WHAT THIS TASK INVOLVES:
Find "LAMARQUE Kiyoshi Washed" in the material, then return exactly the line containing it and all lines after it to the end, leaving out pictures.

DATA SHOWN:
★ ★ ★

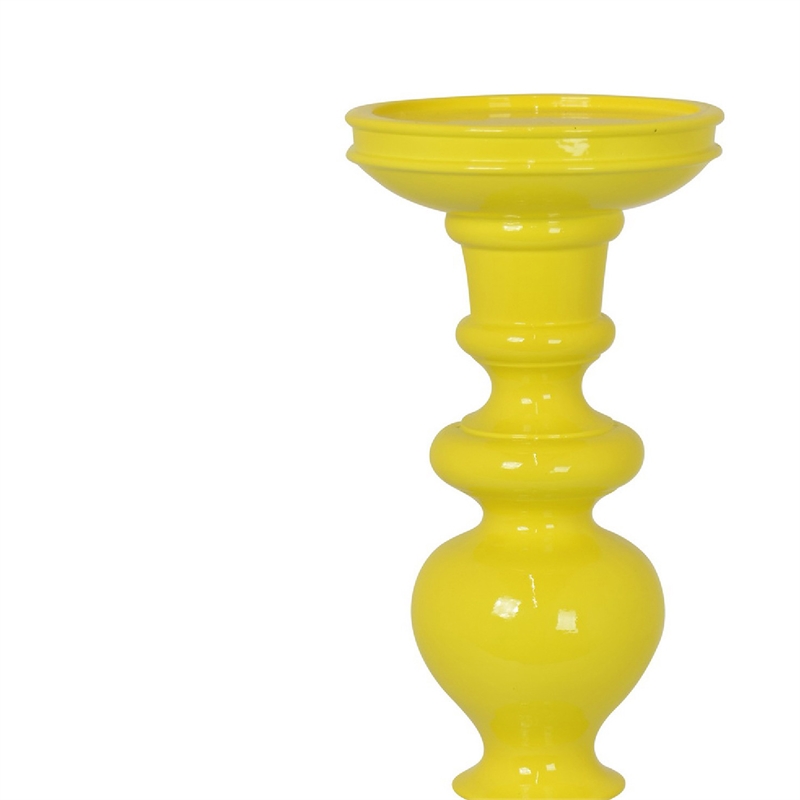 Meo Tabletop Decor Candle Holder- Sculpted Turned Yellow Resin-20 Inch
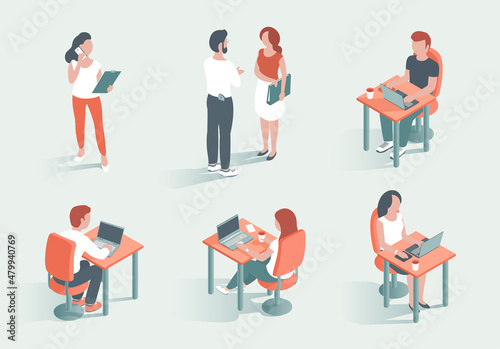 Modern young men and women work in the business office. Set of people. Sit at laptops, talk on the phone. Vector isometric illustration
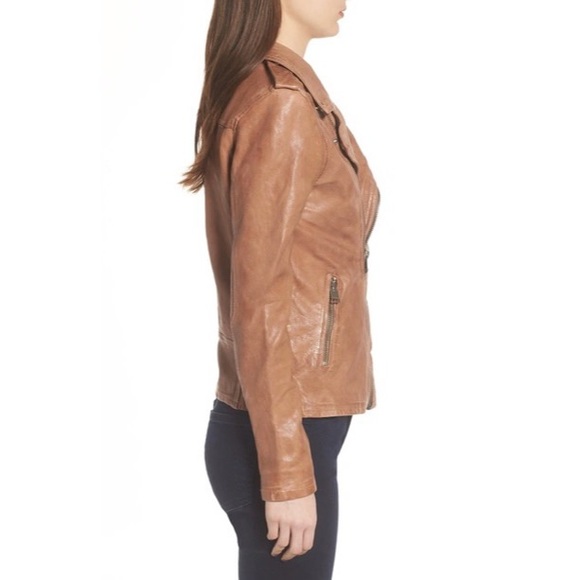 LAMARQUE Kiyoshi Washed Leather Biker Jacket in Tigers Eye - Picture 3 of 10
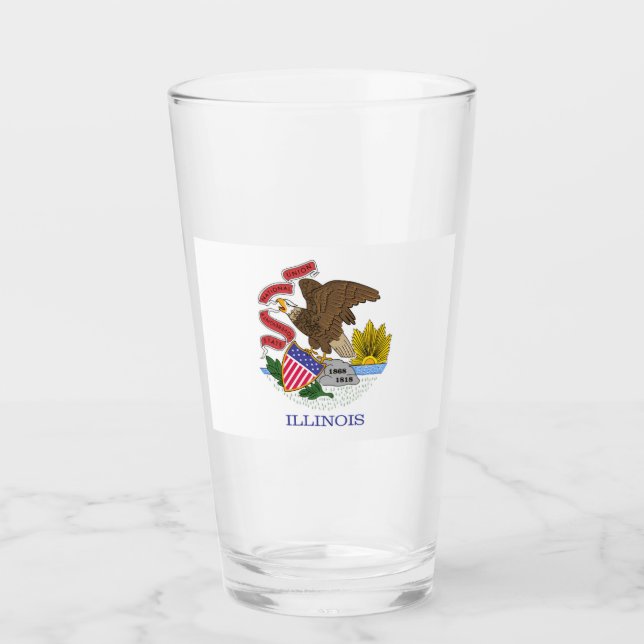 Illinois Flag Glass (Front)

★ ★ ★

TASK OUTPUT:
 LAMARQUE Kiyoshi Washed Leather Biker Jacket in Tigers Eye - Picture 3 of 10
 Illinois Flag Glass (Front)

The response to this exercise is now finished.